I would advise that at the least, once a year, that one takes this front cover off and vacuums the household dust that will accumulate inside the dryer.  It doesn't matter if you consistently empty the dryer filter between every load, simple household dust will accumulate in large portions inside your clothes dryer and needs to be cleaned out annually to prevent possible fires and / or potential parts failure from overheating.

The method to gain entry to the internal area and components of your Kenmore clothes dryer to clean out dust and to replace parts.

The first thing that needs to be done is to DISCONNECT ELECTRICAL POWER by either unplugging the dryer or turning off the appropriate breaker in your panel box.  There will be energized parts inside of your dryer even if your dryer is not engaged to run- so please don't forget to disconnect electrical power.

Using a stiff putty knife insert it approximately 3.5" - 4" from the ends of the bottom cover depressing the locking snaps downwards.  You want to shine a light in the crack and ensure the putty knife blade is above the black snapping apparatus, depress it down and open that end of the cover.  Do the same thing for the other end.

Just make sure your putty knife has a stiff blade or else it will not provide the rigidity needed to dislodge and depress these locking means downwards. Once again, the knife blade needs to slide in, above these locking mechanisms.  You can easily see this with a flashlight.

There are only two locking mechanisms on this Kenmore heavy duty capacity 90 series clothes dryer bottom cover.  One on each end about 3.5" - 4" from the end of the panel.

Close up view of the locking clips...please excuse the dust.  Just lift the cover right off of the bottom holders.

It doesn't matter how much you vacuum and sweep your floors, there will undoubtedly be dust accumulated inside of your dryer housing.  At one point a few years ago, my dryer was cutting off in the middle of a drying cycle.  The culprit was a large portion of accumulated dust inside the dryer housing.  The safety sensors were sensing fire hazard conditions due to accumulated dust upon the sensors and in the interior of the heating element housing, thus stopping the drying cycle.
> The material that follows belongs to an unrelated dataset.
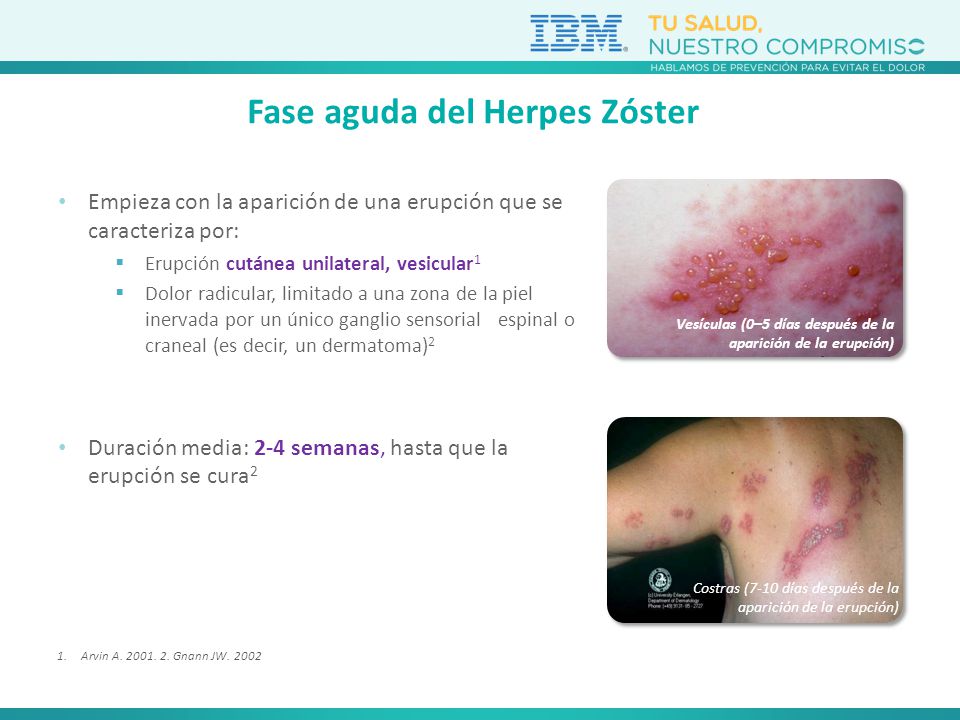 Fase aguda del Herpes Zóster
So clean out your dryer at least once a year to prevent a potential house fire.

Next thing to do is to remove the dryer filter so that you can remove the motor cowl without damaging the filter.

Next using a 1/4" nut runner remove the top two screws on the cowl, one on each end.

BE CAREFUL...removing this cover because there is a fragile foam seal that seals the cover in place. Just take your time when removing the cover and you should not damage it.

vacuum and clean this cover thoroughly

Here you can see the foam seal that I mentioned earlier, now you know how to manipulate the cover during removal to prevent damage to this foam seal. Vacuum the interior area around this centrifugal fan.

Next remove the cover to gain entry inside of the heating element housing, just be extra careful and vacuum this out with a slim line attachment on your hose.  It is critical that there is not any dust inside of this housing to prevent any potential fires. Use care to not dislodge any of the wires and their holding apparatus.

All vacuumed out and ready for reassembly.

90 Series Kenmore heavy duty capacity clothes dryer.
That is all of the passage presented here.